Un appel à l’unité et à l’action
Dans son intervention, Gabriel Attal a plaidé pour une « souveraineté technologique » européenne. Il a insisté sur le fait que les décisions prises ces prochains mois détermineront la place de l’Europe dans l’économie mondiale pour les décennies à venir. L’enjeu est tel, a-t-il averti, que sans une réaction rapide et collective, les Européens risquent de se retrouver réduits à des rôles subalternes dans les chaînes de valeur mondiales.
Cette déclaration intervient dans un contexte où le secteur de l’IA est devenu le théâtre de fortes tensions transatlantiques. L’administration américaine a récemment imposé des restrictions à Anthropic, ce que plusieurs observateurs interprètent comme une manœuvre protectionniste visant à protéger les champions nationaux. De son côté, Pékin multiplie les investissements publics et les partenariats pour rattraper son retard apparent tout en imposant ses propres standards.
Le ton alarmiste du Premier ministre a été tempéré par un appel à l’action concrète. Gabriel Attal a mentionné la nécessité de mobiliser des financements publics et privés à la hauteur des enjeux, ainsi que de créer un environnement favorable aux start-up et à la recherche. Il a également évoqué l’importance de la formation pour que les Européens puissent maîtriser ces technologies plutôt que de les subir.

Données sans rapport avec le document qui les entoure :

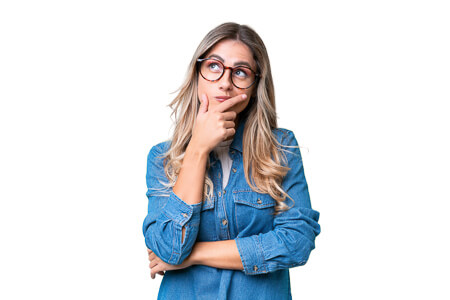 woman looking up with hand on chin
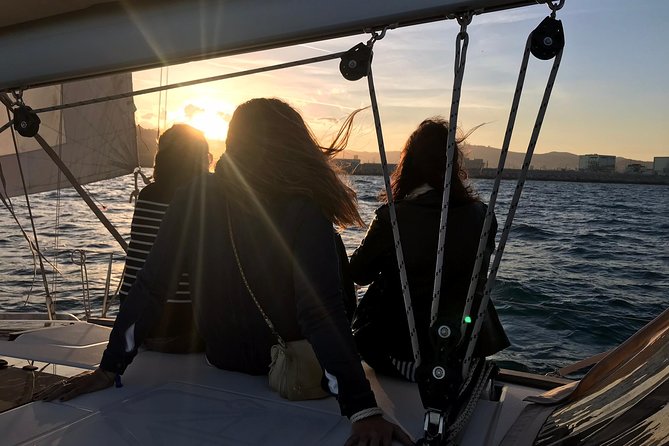 Barcelona Sunset Private Sailing with Light Snacks and Open Bar - The return past Barceloneta and the evening skyline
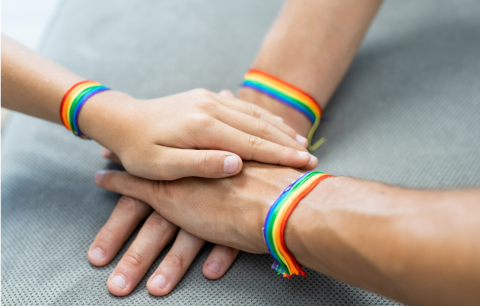 family hands stacked and wearing lgbtq rainbow bracelets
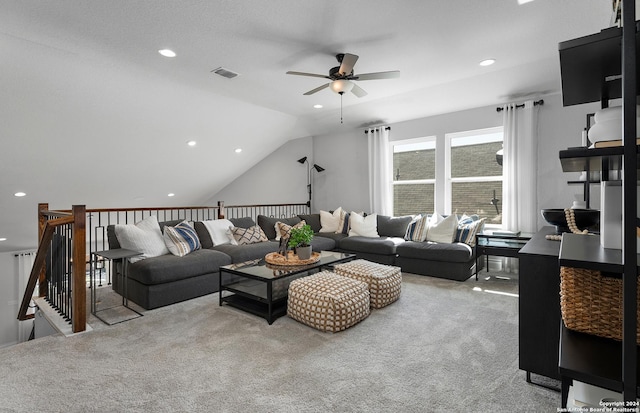 carpeted living room with ceiling fan and vaulted ceiling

Des réactions politiques contrastées
Si cette prise de position a été globalement saluée par les acteurs du secteur, elle a aussi suscité des interrogations dans l’opposition. Plusieurs députés ont estimé que le gouvernement lui-même n’a pas suffisamment soutenu l’écosystème français de l’IA ces dernières années, pointant un décalage entre les discours et les actes. D’autres, au contraire, ont considéré que l’alerte était salutaire et qu’elle pourrait contribuer à une prise de conscience collective.
À Bruxelles, la Commission européenne n’a pas encore officiellement réagi à la déclaration du Premier ministre français. Mais plusieurs sources rapportent que le sujet de l’intelligence artificielle sera au cœur des prochains sommets, notamment en raison de la pression américaine et chinoise. La question d’un fonds d’investissement dédié, à l’image du modèle américain, est de nouveau sur la table.

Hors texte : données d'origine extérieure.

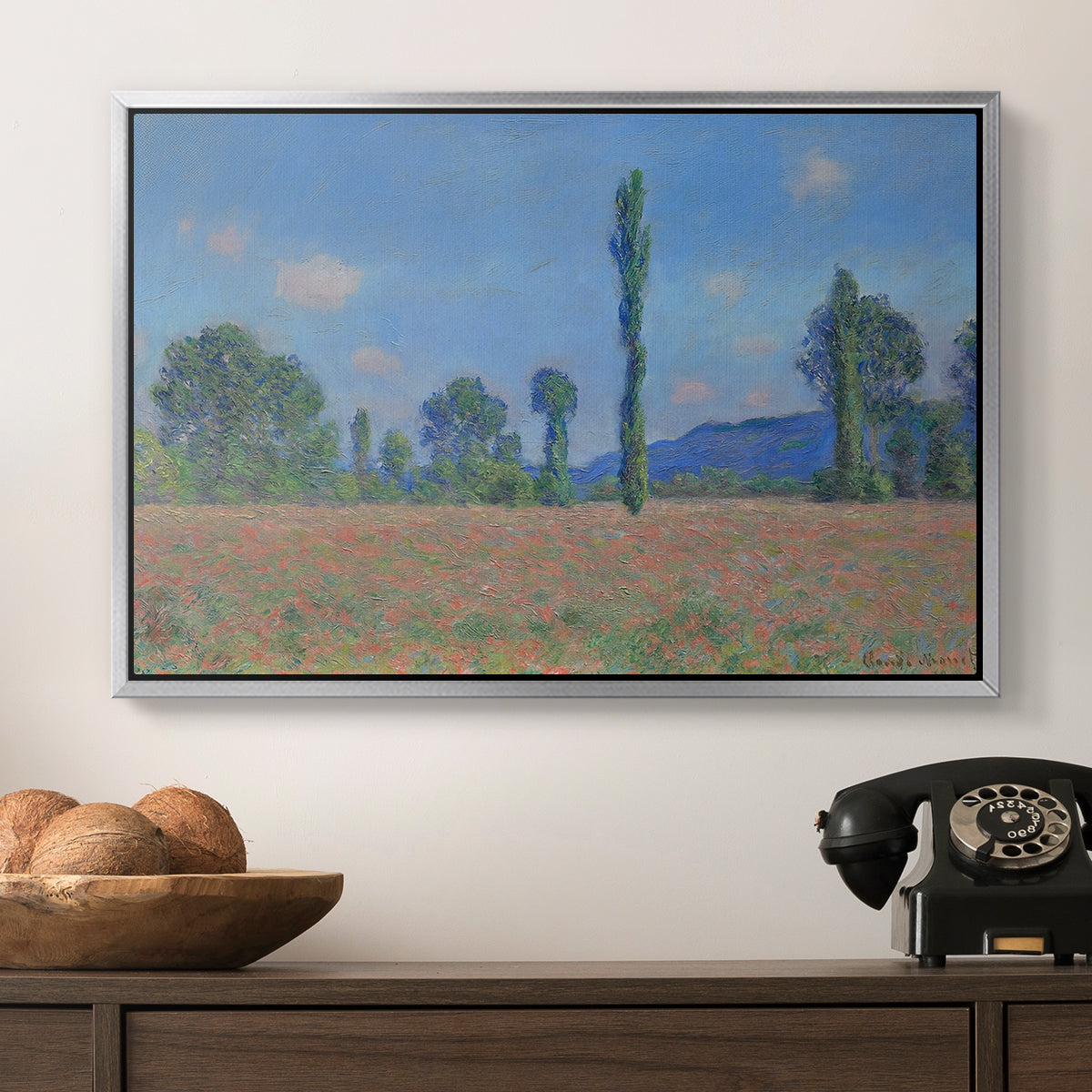 Poppy Field (Giverny), 1890-1891 by Claude Monet in a silver floater framed canvas displayed above a console table in a hallway, featuring a rural field filled with red blossoms beneath open sky.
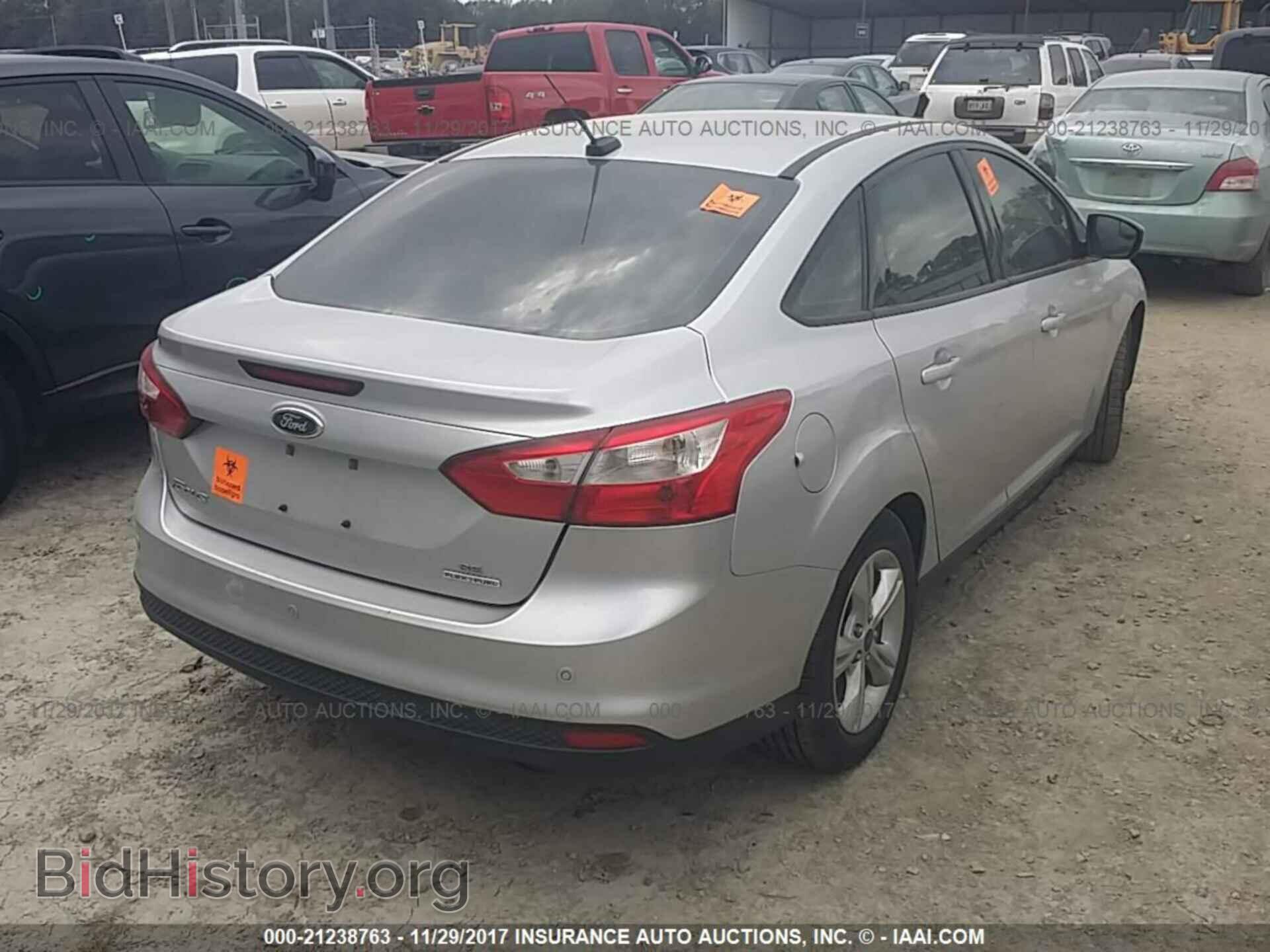 2014 Ford Focus - VIN: 1FADP3F20EL203537 - Фото 4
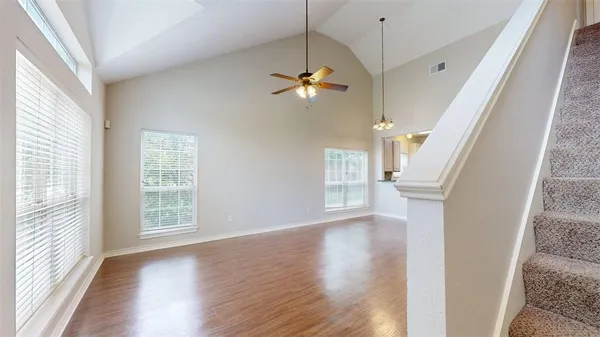 a view of empty room with wooden floor and fan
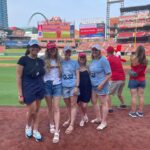 Emily Henry Instagram - Thank you all so much for coming out last night to Busch Stadium for the pre-game book club. This was one of the most special days for me of the last five years. There are no words for what it was like to get to meet so many of you. Thank you for driving and flying from all over, and for beautiful friendship bracelets, and for your letters and pencils, and for wearing your rodeo and Goode Books and Sunshine Falls Gear. It was a joy and an honor to sweat on you. A huge thank you to the Cardinals for the invitation, @juliepens for being the perfect in-conversation partner, @abergeron11 @dachejordan @daniellekeir_ and @tayhaggerty for being there for every moment of it!! I did not face my greatest fear (throwing an opening pitch) but I did face my second greatest fear (high-fiving a mascot), and that’s not nothing. 💙💙💙💙💙💜💜💜💜💜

Une guerre qui ne dit pas son nom
Les propos de Gabriel Attal interviennent alors que le terme « guerre de l’IA » s’impose dans le débat public. En France comme ailleurs, experts et responsables politiques estiment de plus en plus que la compétition technologique ne se distingue plus des rapports de force géopolitiques. Le contrôle des données, des infrastructures de calcul et des algorithmes devient un enjeu de souveraineté comparable à celui de l’énergie ou de l’armement.
Pour l’instant, le gouvernement français mise sur une approche de concertation nationale et européenne. Gabriel Attal a appelé à « un sursaut » collectif, tout en reconnaissant que la tâche est immense. Il a conclu son intervention en affirmant que l’Europe a encore les cartes en main, à condition d’agir rapidement et de manière unie. « Nous ne sommes pas condamnés à la dépendance, mais l’heure n’est plus aux discours », a-t-il lancé.